Artisti del secondo 800 all’Antico Caffè Greco

 

Col passare degli anni, gli artisti raccolti al Greco di Roma non cessarono di rappresentare uno dei più spiccati motivi di quel picturesque, al quale gli oltramontani erano particolarmente interessati. A tal punto che le guide turistiche si vedevano costrette a fornire in merito precisi particolari, fissando persino gli orari migliori per godere di quegli assembramenti, quasi dovesse trattarsi di una regolare rappresentazione. «Caffè Greco, with a restaurant, in the Via Condotti, the rendezvous of the artists of every country – almost all the artists in Rome may be met here; it is their general rendezvous at 7 A.M. for breakfast, and in the evening».

Così, ad esempio, il Murray’s Hand-Book dedicato a Rome & its Environs nel 1869 (e citiamo già dalla 9′ edizione); mentre nel Beadeker di trent’anni più tardi, Central Italy and Rome, 1900, il particolare sarà appena annotato: «Cafè Greco, Via Condotti 86, formerly frequented by artists». La ragione di una simile affluenza ce la dà il De Cesare, dove scrive che «gli artisti formavano nella vita sociale di allora una classe affatto distinta, con una nota propria, schietta e geniale.

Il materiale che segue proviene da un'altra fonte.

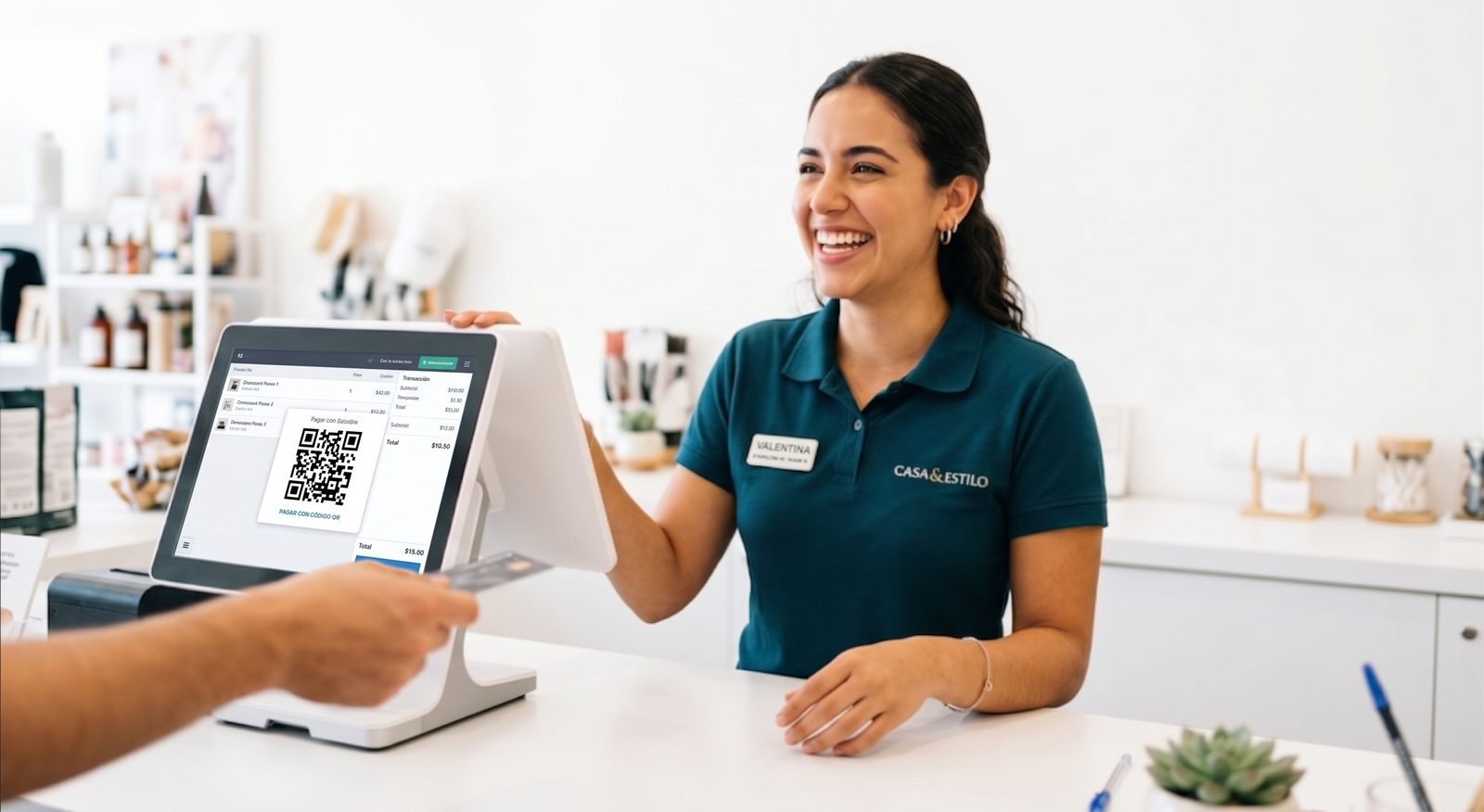 Cajera sonriente cobrando con WillSoftPOS: el cliente paga con QR o tarjeta en el mostrador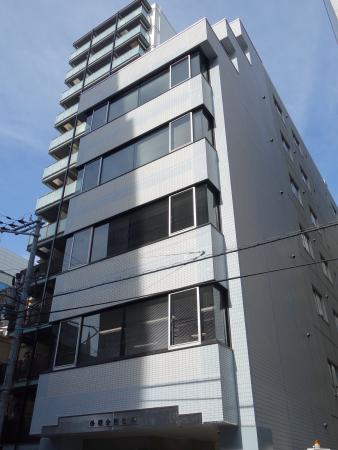 砂糖会館ビル外観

Non c’erano circoli o clubs», egli aggiunge, «e per una tradizione quasi secolare, si davano convegno al caffè Greco, in via Condotti, che era divenuto loro feudo e recapito, e campo chiuso delle loro dispute vivaci e iperboliche». E, prima di lui, Pascarella non aveva esitato ad affermare: «si può dire, senza esagerare, che fino al 1870 il Circolo artistico internazionale di Roma fu il Caffè Greco». Sembra però che, di quei tipici personaggi, pochi dessero commercio. Male comune a tutta la penisola, come avevano già osservato i De Goncourt: «Il caffè, in Italia, è luogo pubblico, in cui non si consuma niente». Sta di fatto che passò in proverbio, negli annali del caffè Greco, la consumazione tipica di quei bohémiens: «acqua di cannella e fuoco di padella». Cioè l’acqua della fontanina che butta tuttora nella prima saletta, sotto il telefono a gettone, e la padella, o «focone», che troppo spesso serviva soltanto a far accendere le pipe degli sfaccendati avventori. Tolleranti tradizioni del Greco nelle quali vanno ad inserirsi anche i molti «chiodi» piantati dagli artisti, a tutte spese delle varie gestioni del locale, dal Carnesecchi al Salvioni (che si fece una reputazione durante il blocco napoleonico, continuando a mescere, sia pure in misura minore del consueto, caffè genuino, mentre le altre botteghe non passavano che «cicoria»), dal Frezza ai Gubinelli, di cui avremmo occasione di parlare a lungo.
Ma non appiccavano soltanto «chiodi», quegli artisti; lasciavano pure disegni.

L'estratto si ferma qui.